Curator on April 30, 2026
1 month ago • 3 min read 1777507200000
"And there it is: The end of the end. Everything I know and ever got, whether through my own efforts or through the kindness of contributors, is now somewhere on this site. All the 400 original tools and the 2000 or so that followed are public record. A treasure trove, for generations to come." - K.Mandla, Inconsolation
At Terminal Trove we don’t often look back, most of the time we are looking forward to curating new terminal tools that we come across. But just for today, we made an exception.
We were inspired by Inconsolation, K.Mandla's blog about terminal-based Linux apps and especially tools for low-powered machines and older hardware. It was a blog that gave terminal programs the kind of attention they rarely got.
11 years ago today, on the 30th of April 2015, Inconsolation came to an end. K.Mandla closed it with the same spirit that ran through the whole site: keep trying new things, keep looking for simpler solutions, and keep using the programs you like best.
Terminal software has a strange kind of staying power. The old UNIX ideas still works even after 50 years since it's first public release: small tools, plain text, composable parts, and fewer promises. A good terminal tool can sit quietly for years and still do its job.
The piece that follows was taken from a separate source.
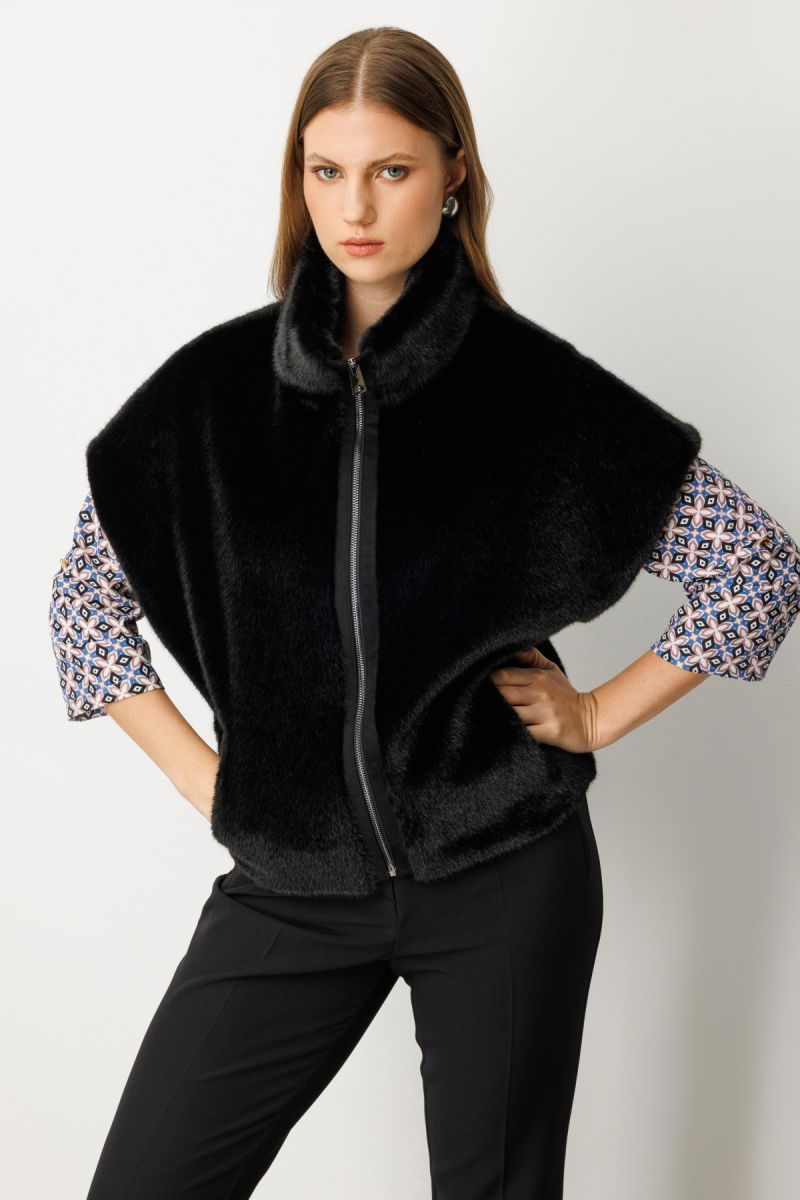 Ekol Kadın Dik Yaka Peluş Yelek 8585 Siyah - Ekol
At the same time, the terminal ecosystem did not stay frozen in 2015 and a lot has changed since then.
Today there are newer and modern CLI and TUI tools built with frameworks that go far beyond ncurses and curses. PyTermTk, Rich and Textual for Python, Bubble Tea for Go, Ratatui for Rust, Ink and OpenTUI for TypeScript, Terminal.Gui for .NET, and countless more.
Inconsolation showed that terminal programs were worth showcasing. Terminal Trove is our continuation of that work in the present. It is more like picking up the baton where Inconsolation left off in a world where more developers are now building for the terminal.
We don’t really know who K.Mandla was, but maybe that was the point.
Everything about Inconsolation: The tools, the notes, the curiosity, the summaries, and the simple pleasure of spotlighting something useful in the terminal that you would not have otherwise known that existed was what it was all about.
So for today, we turn the spotlight towards K.Mandla and we say thank you for Inconsolation.
We’ll keep adding more terminal tools to the trove.